§ WHAT IS BEING ASKED
Any pictures in the records below must be left out when you repeat the lines from the line containing "Long Safety Pin" through the line containing "monTEK Automatic Lift" exactly.

GIVEN INFORMATION Start Marker

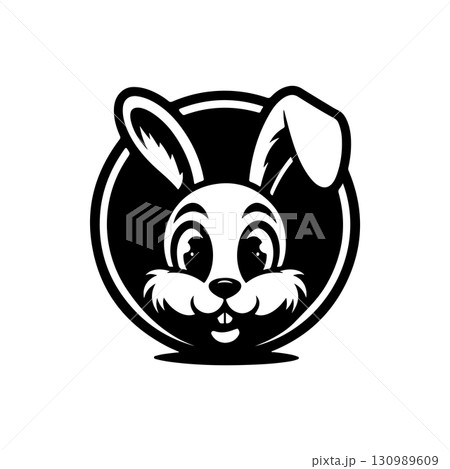 Illustration of rabbit head. Design element for logo, label, sign. Vector illustration 130989609
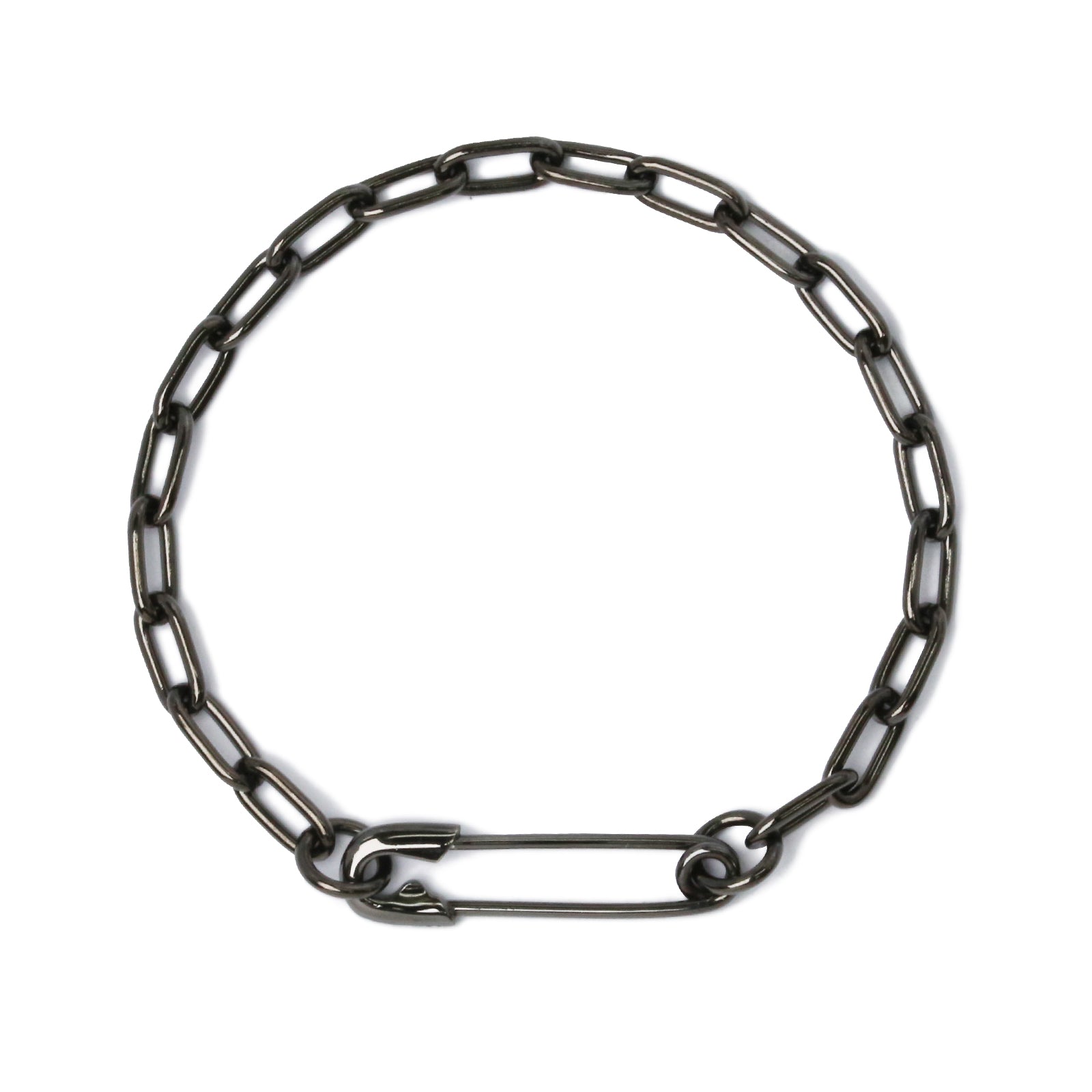 Long Safety Pin Azuki Chain Diamond Bracelet M - Black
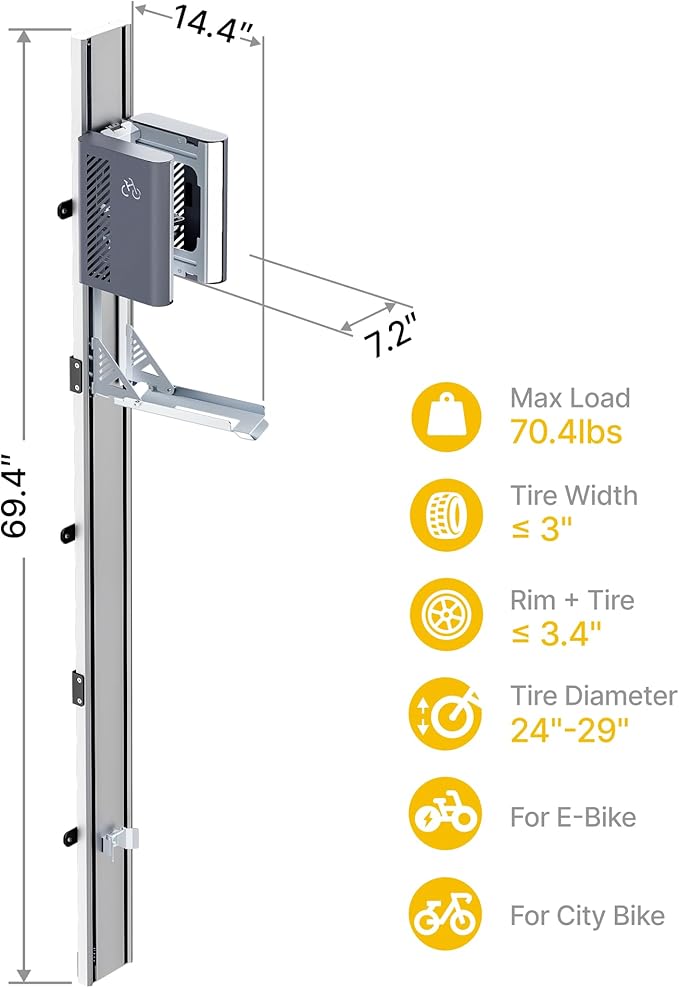 monTEK Automatic Lift EBike Rack – Fits 24-29" Tires, Heavy-Duty Vertical Wall Rack for Bicycles (Up to 71 lbs) - Effortless Lifting, Easy Install - Space-Saving Storage for Garage, Shed, SG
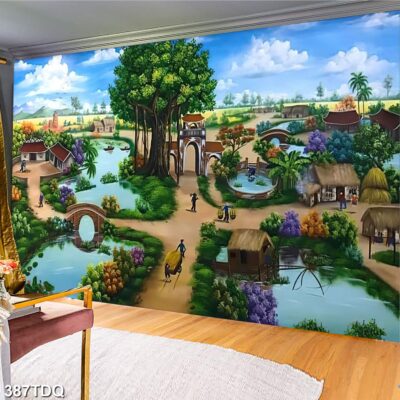Tranh treo tường phong cảnh đồng quê – làng quê nông thôn Việt Nam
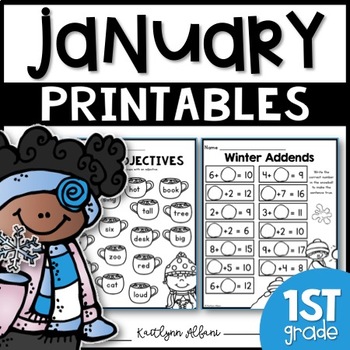 Preview of January Printables - Math and Literacy Packet for First Grade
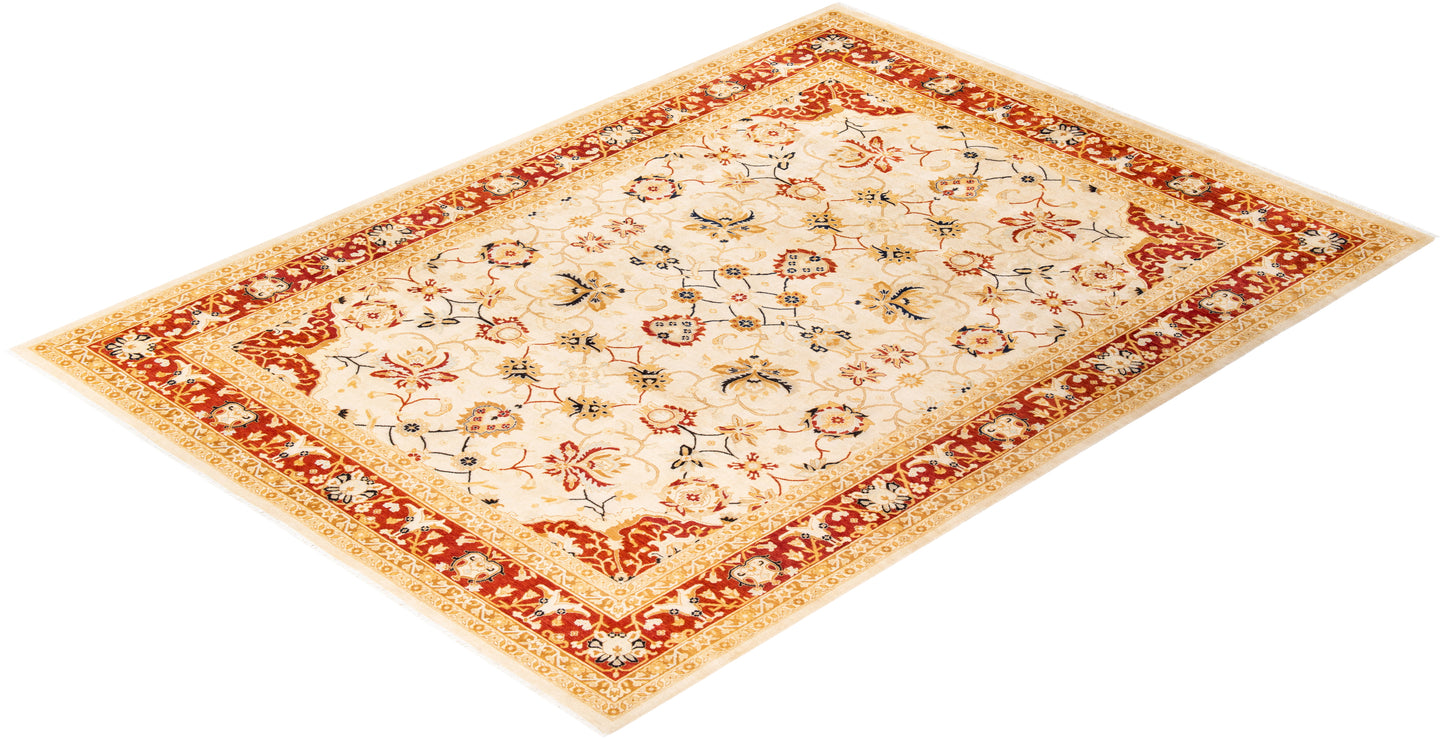 Eclectic, One-of-a-Kind Hand-Knotted Area Rug - Ivory, 9' 1" x 12' 4"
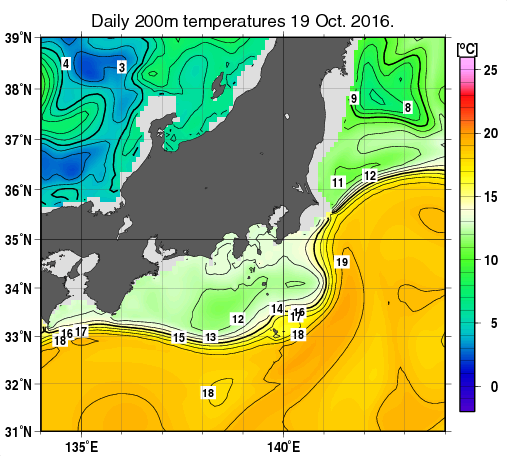 関東・東海・北陸周辺海域の深さ200mの水温分布図（10月19日）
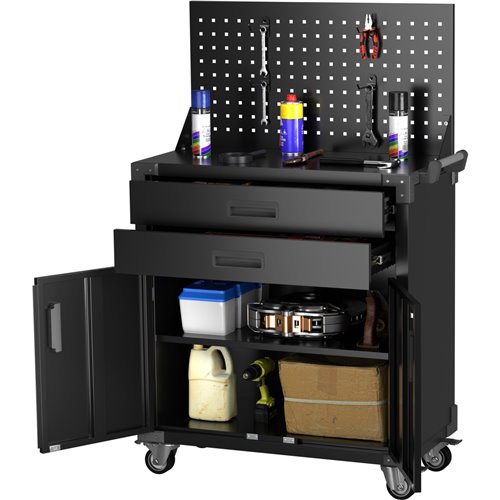 Professional Mobile Black 2 Door 2 Drawer Pegboard Steel Tool Cabinet 800x420x1320mm | Stalwart DA-SART224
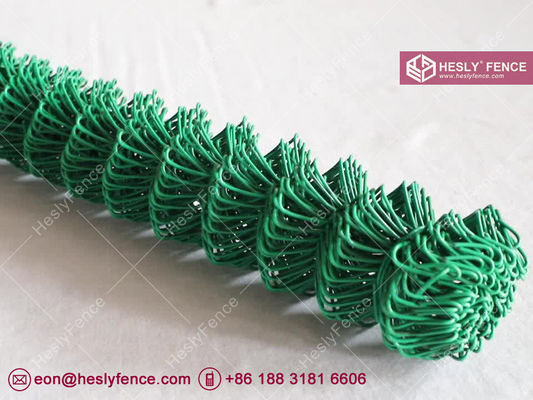 Grillage de clôture en maille de chaîne enduit de PVC vert foncé | fil de 4,75 mm | maille de diamant de 50 mm | Hesly Fence - Chine fournisseur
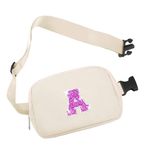 COSHAYSOO Small Waist Fanny Pack Belt Bag Crossbody Trendy with Initial Letter Patch for Teen Girl Women Personalized Valentines Birthday Preppy Gift, Travel Essentials Mini Bum Hip Purse Ivory A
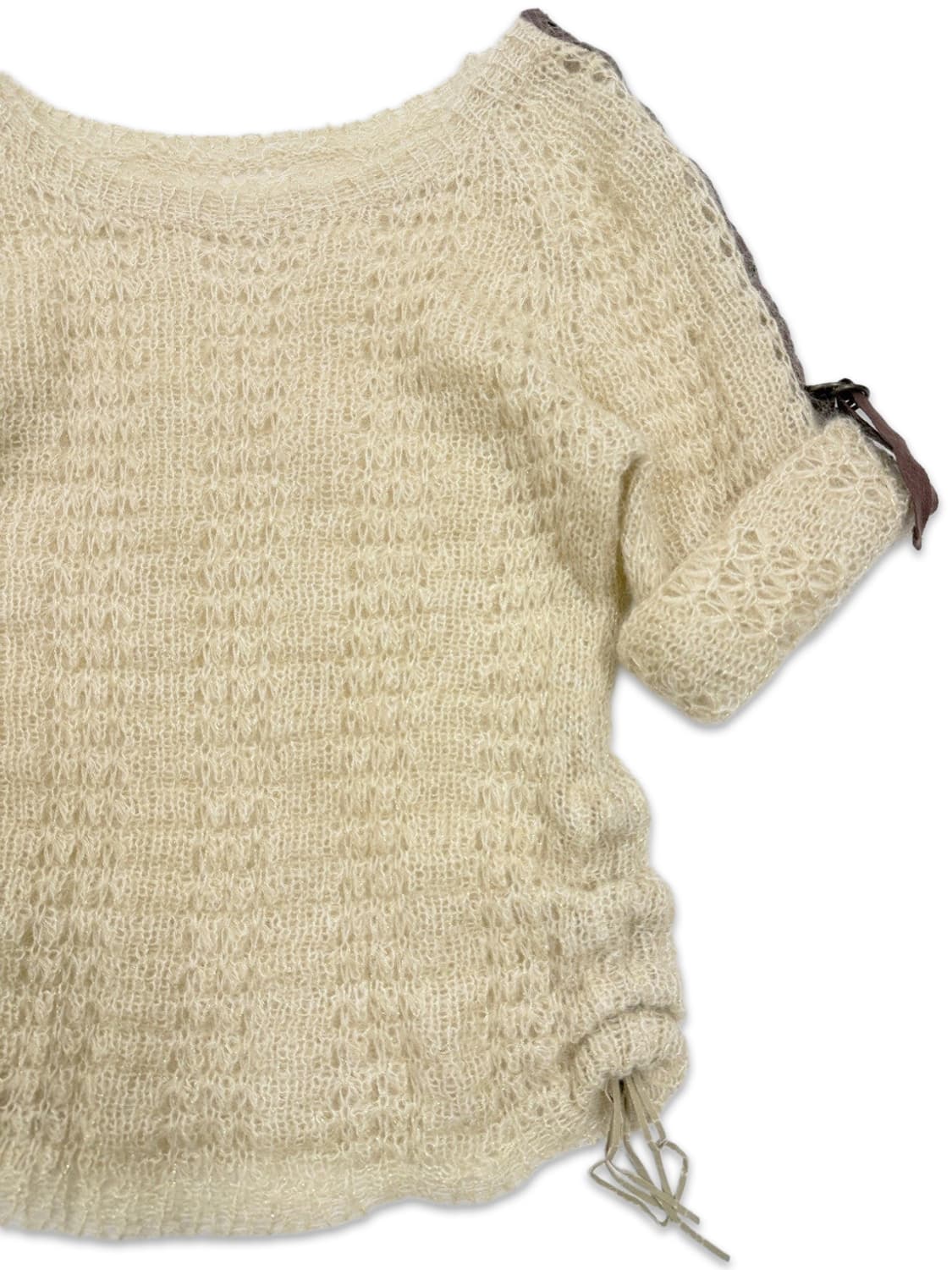 빈티지 아이보리 뜨개 시스루 니트 상품이미지2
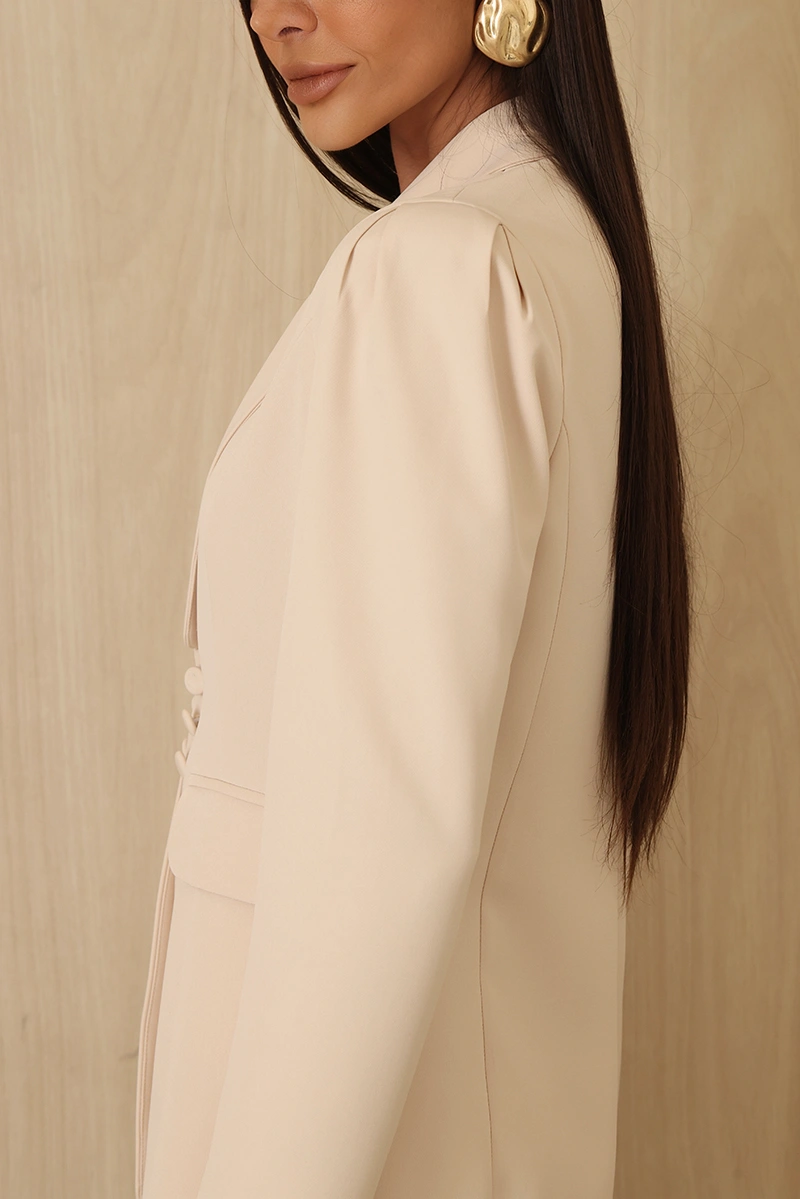 Dot Clothing - Blazer Dot Clothing Hazel Ombro Pregas Marfim - 2816BEGE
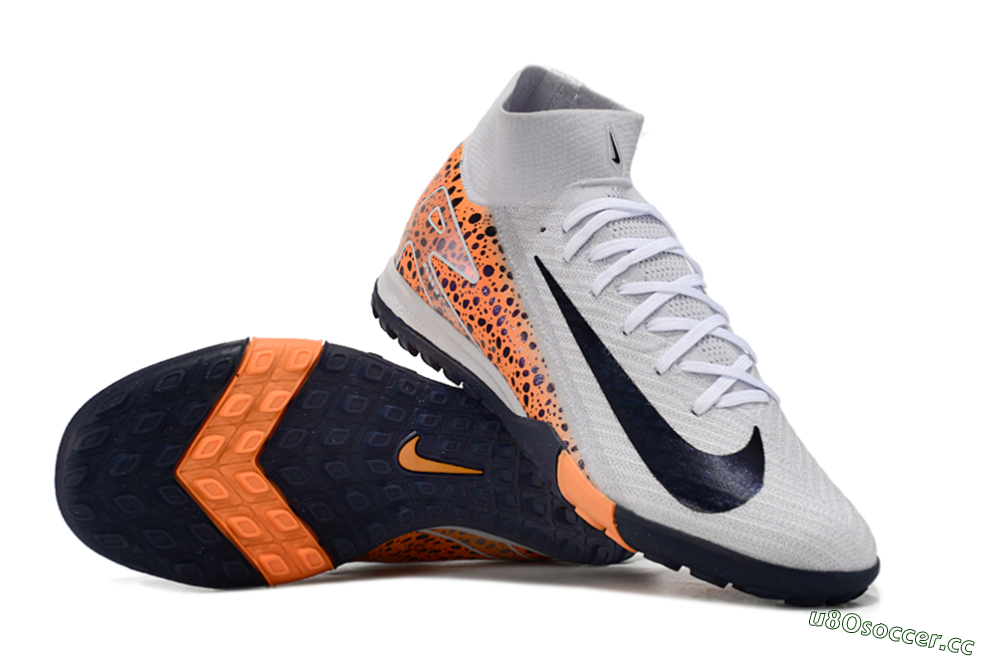 Unisex Nike Mercurial Superfly 10 Elite TF Artificial Turf High-Tops Football Shoes - White/Black/Orange 1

GIVEN INFORMATION End Marker

§ EXERCISE RESULT
 Long Safety Pin Azuki Chain Diamond Bracelet M - Black
 monTEK Automatic Lift EBike Rack – Fits 24-29" Tires, Heavy-Duty Vertical Wall Rack for Bicycles (Up to 71 lbs) - Effortless Lifting, Easy Install - Space-Saving Storage for Garage, Shed, SG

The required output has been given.